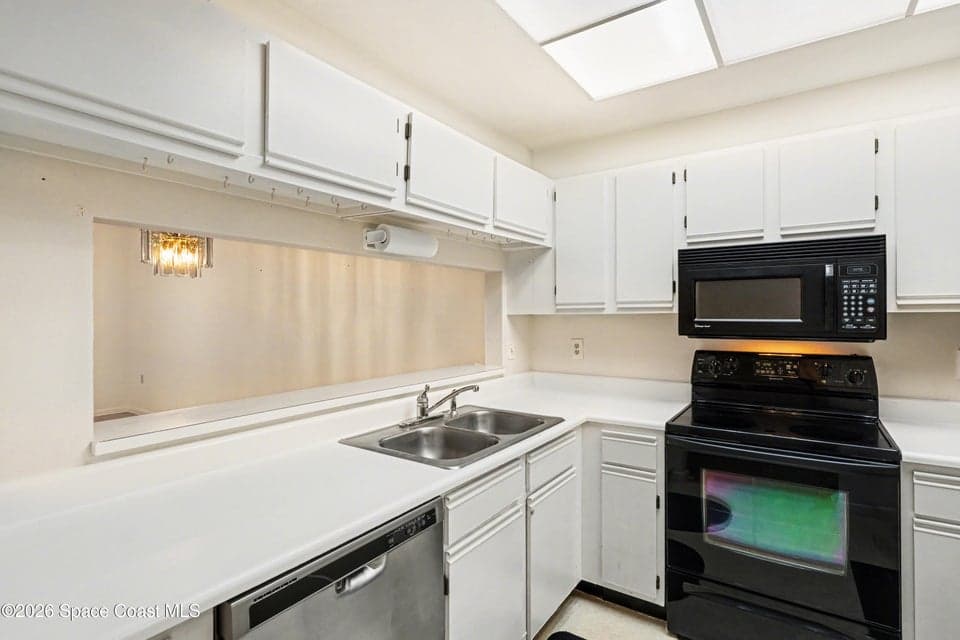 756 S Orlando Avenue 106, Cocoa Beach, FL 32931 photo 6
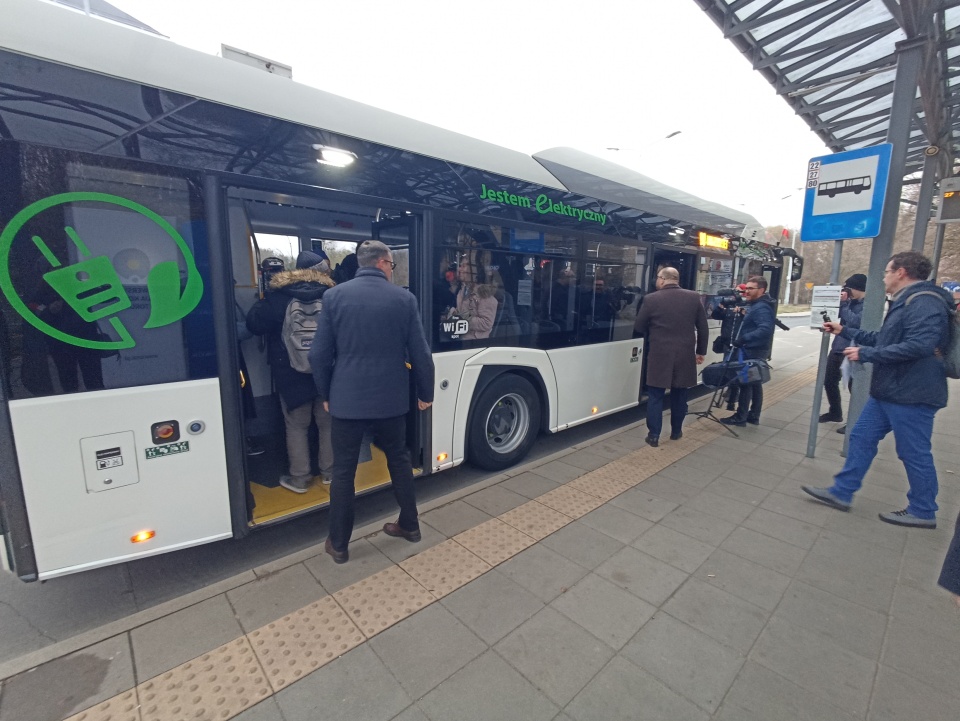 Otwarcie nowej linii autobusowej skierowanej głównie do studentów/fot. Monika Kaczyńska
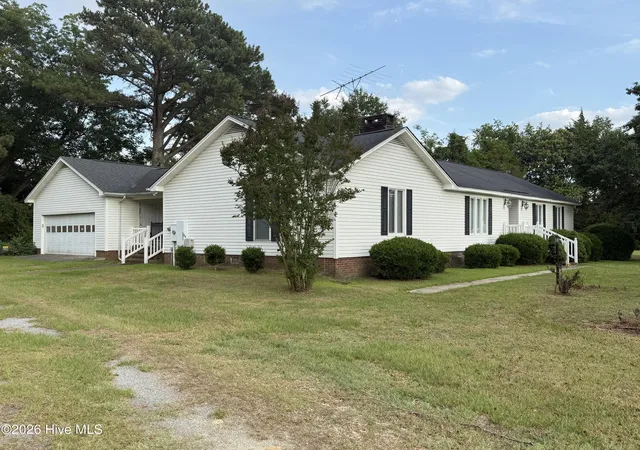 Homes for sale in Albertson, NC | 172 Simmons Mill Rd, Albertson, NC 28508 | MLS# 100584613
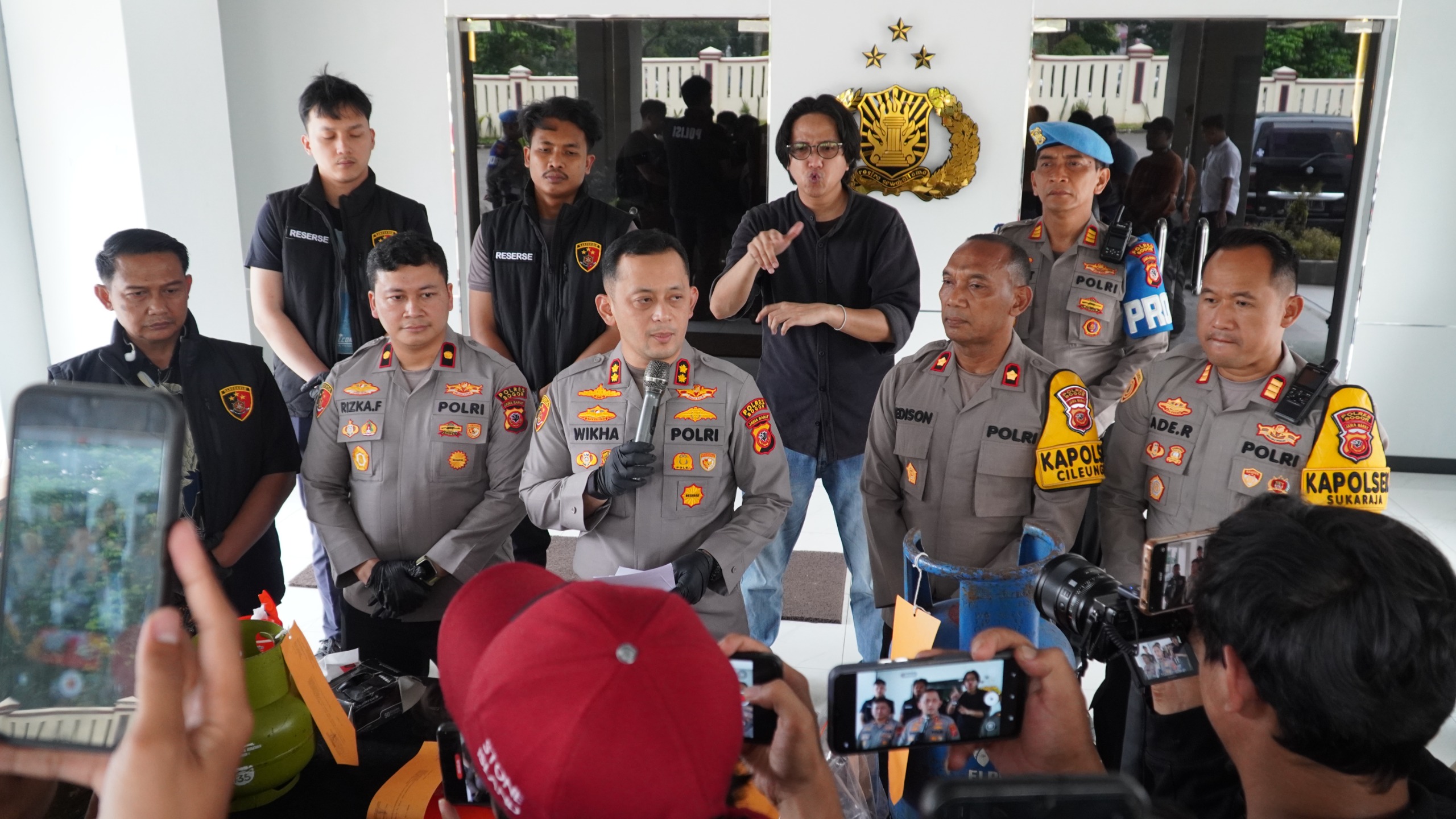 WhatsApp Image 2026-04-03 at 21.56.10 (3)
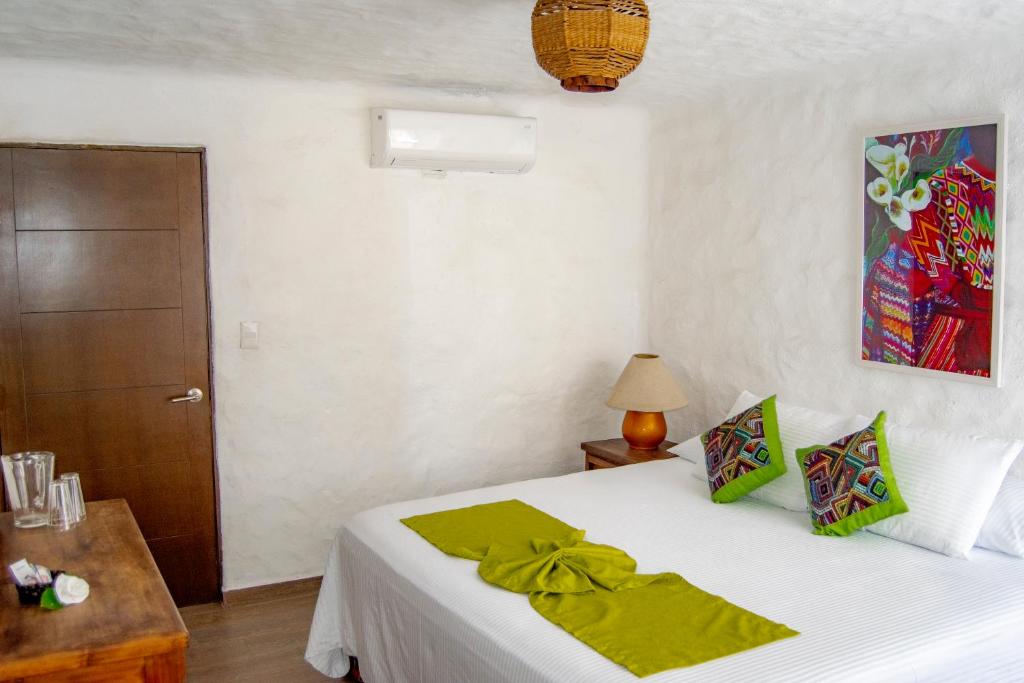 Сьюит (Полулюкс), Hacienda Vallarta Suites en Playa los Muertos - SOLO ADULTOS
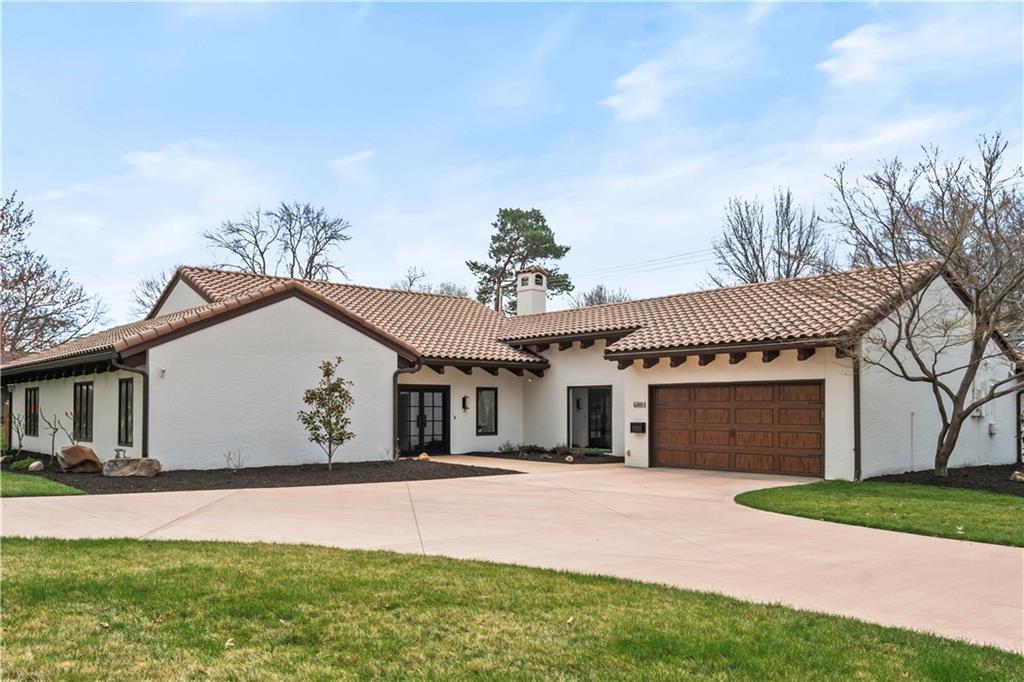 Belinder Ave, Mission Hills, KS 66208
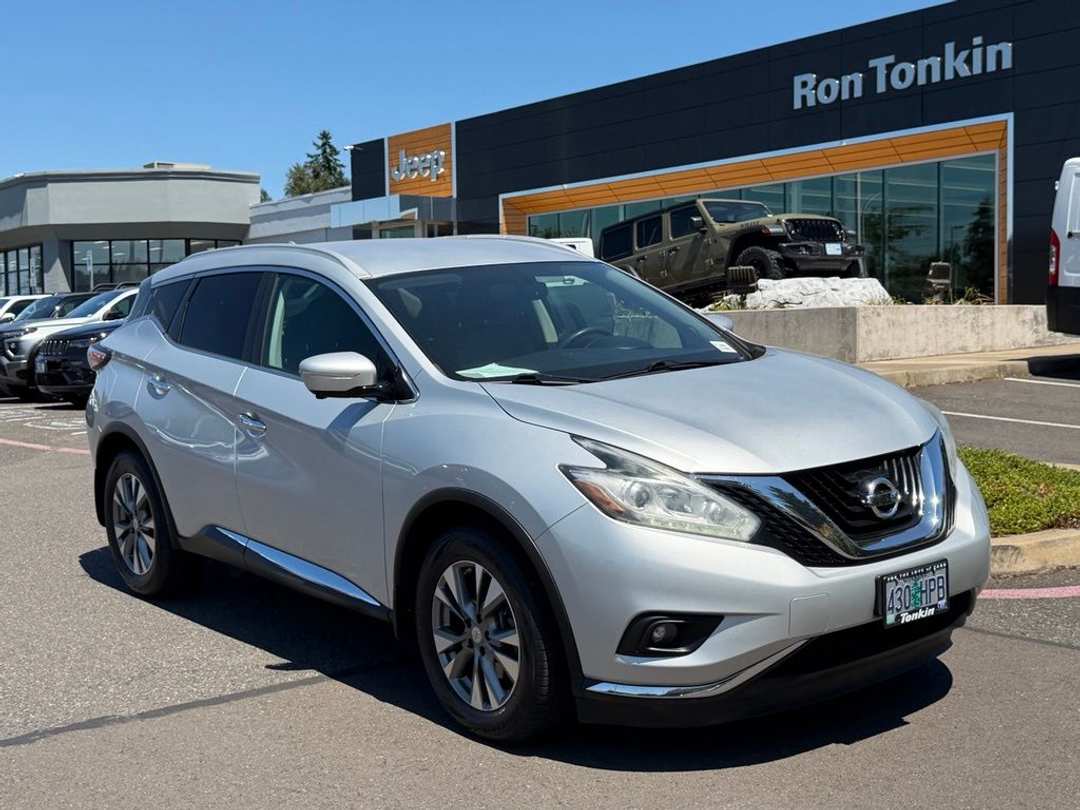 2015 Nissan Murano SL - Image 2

+++

**Exercise goal**
Exclude the pictures and write out exactly the lines from the one holding "Belinder Ave, Mission Hills, KS 66208" through the end of the entries, inclusive, and only those.

**Result**
 Belinder Ave, Mission Hills, KS 66208
 2015 Nissan Murano SL - Image 2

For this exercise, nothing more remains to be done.